Screen Shot 2014-01-01 at 12.32.42 AMQUAZ EXPRESS WITH MALCOM HILLGARTNER:

• If your name weren’t Malcolm Hillgartner, what would you like it to be?: Chuck Yeager.

• Five all-time favorite books?: Kidnapped by Robert Louis Stevenson; The Sheltering Sky by Paul Bowles; A River Runs Through It by Norman Maclean; Transit of Venus by Shirley Hazzard; Kim by Rudyard Kipling.

• Without looking, tell me five things about Walter Payton: He was from Mississippi; He played for the Chicago Bears; He was one of the best running backs of all time; When the Bears finally won the Super Bowl, he couldn’t enjoy it because he wasn’t the star that day; He might be one of the saddest celebrities I’ve ever read about.

• Rank in order (favorite to least):  Nelson Mandela, Twitter, Dave Winfield, Hartford, Men Without Hats, Twix Bars, the number 77, MacBook Pro, “Candle in the Wind,” Whitney Houston, 10k road races, Public Enemy: 1. Nelson Mandela: one of the most impressive figures in history, period; 2. Hartford (only because Mark Twain lived there); 3. MacBook Pro (been a Mac guy since the Mac II); 4. Dave Winfield (don’t have strong feelings about Winfield—who seemed more talented than his career turned out to be. But I like baseball, although I came to it late as a fan, having grown up overseas. My first Major League game was July 31, 1971 at Candlestick Park, a 13-12 slugfest between Giants and Pirates. Willie Stargell homered twice, Mays made one of those eye-popping catches he was famous for but a San Francisco rookie named Dave Kingman stole the show with his first Major League grand slam in the seventh. Funny how you remember that stuff.); 5. 10k road races (don’t actually run these but I feel I should); 6. Twix bars (Meh. I’m a Snickers guy myself); 7. The number 77 (only ranked this high because I dislike the rest intensely); 8. Twitter; 9. Men Without Hats; 10. Whitney Houston; 11. Candle in the Wind; 12. As for Public Enemy, can’t comment. They may be ranked 44th on the Rolling Stone’s all-time greatest groups list but they had all their mainstream success in late 80s-early 90s when I was living in rural Montana and my kids were little and my musical universe consisted of Raffi and Barney and Reba and Garth et al.

• What’s the greatest word of all time?: Yes.

• If someone offered you the opportunity to never have to go to the bathroom again, would you take it? Why or why not?: No. Like a good thriller, both types of human elimination provide perfect avenues to deliver the exquisite double whammies of tension and relief.

• Would you rather have to spend two years repeatedly narrating the same three pages, or have to spend that time cleaning the toilets at Citi Field?: This is a choice? Pass.
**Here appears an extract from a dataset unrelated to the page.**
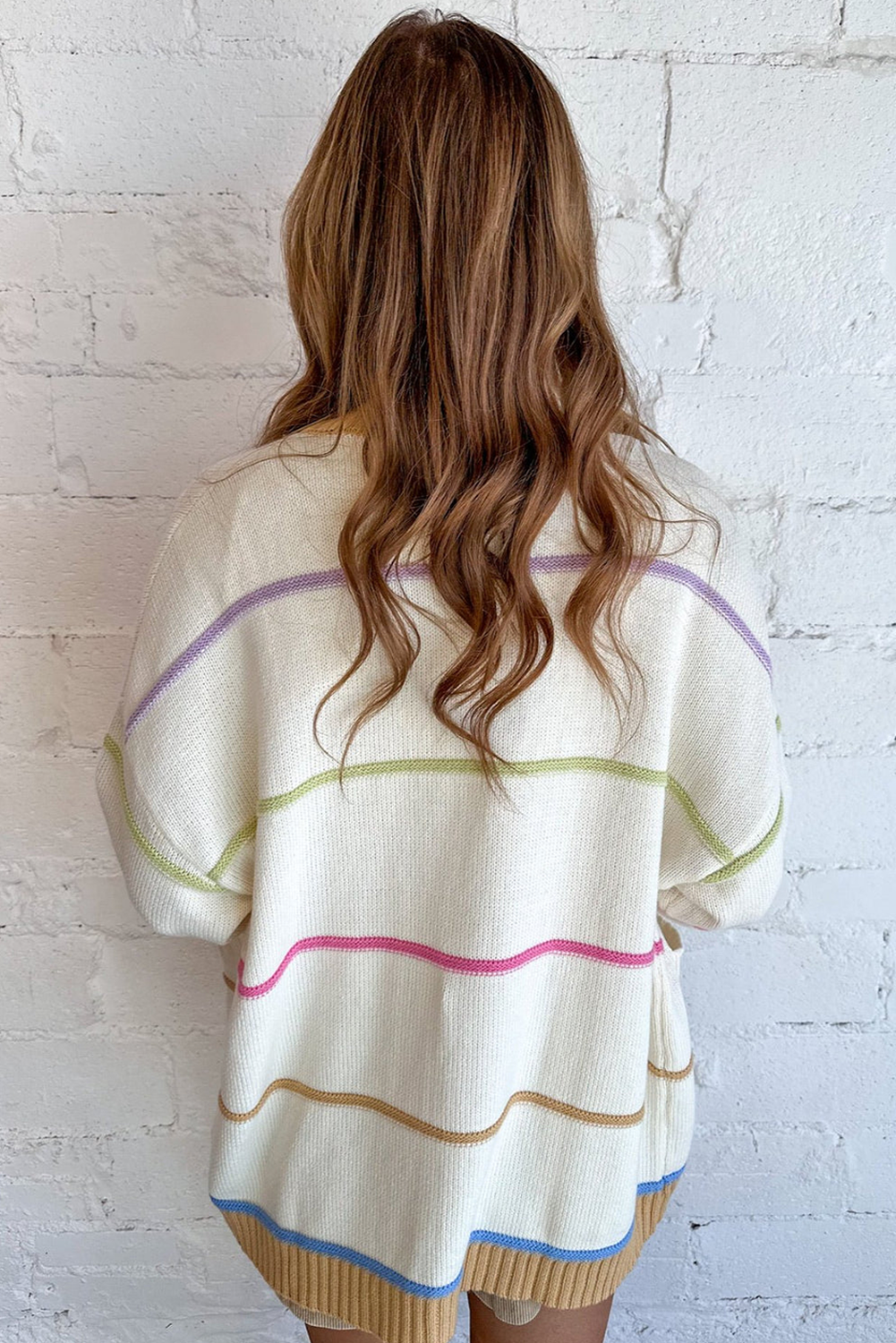White Color Block Striped Open Front Cardigan With Pocket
• Which guy has more talent, Hall or Oates?: The one with the mustache. Since he was never the front man in their partnership you have to figure he was the genius in their songwriting team. They wrote some good songs in their early days, She’s Gone, et al. And Hall’s solo efforts were just awful. And being a guitar player I always go for the axe over the keyboard.

• Why do you suspect breakfast cereal costs so much money?: They have to recoup all the money they spent thinking up all those stupid offers and pseudo-giveaways on the boxes.

• You and your wife, Jahnna Beecham, wrote a musical, Holmes and Watson Save the Empire! Give me the plot in, exactly, 22 words: What is Queen Victoria’s secret? Who is the Nightingale of Nuremburg? And why is Watson wearing her dress? Holmes must find out.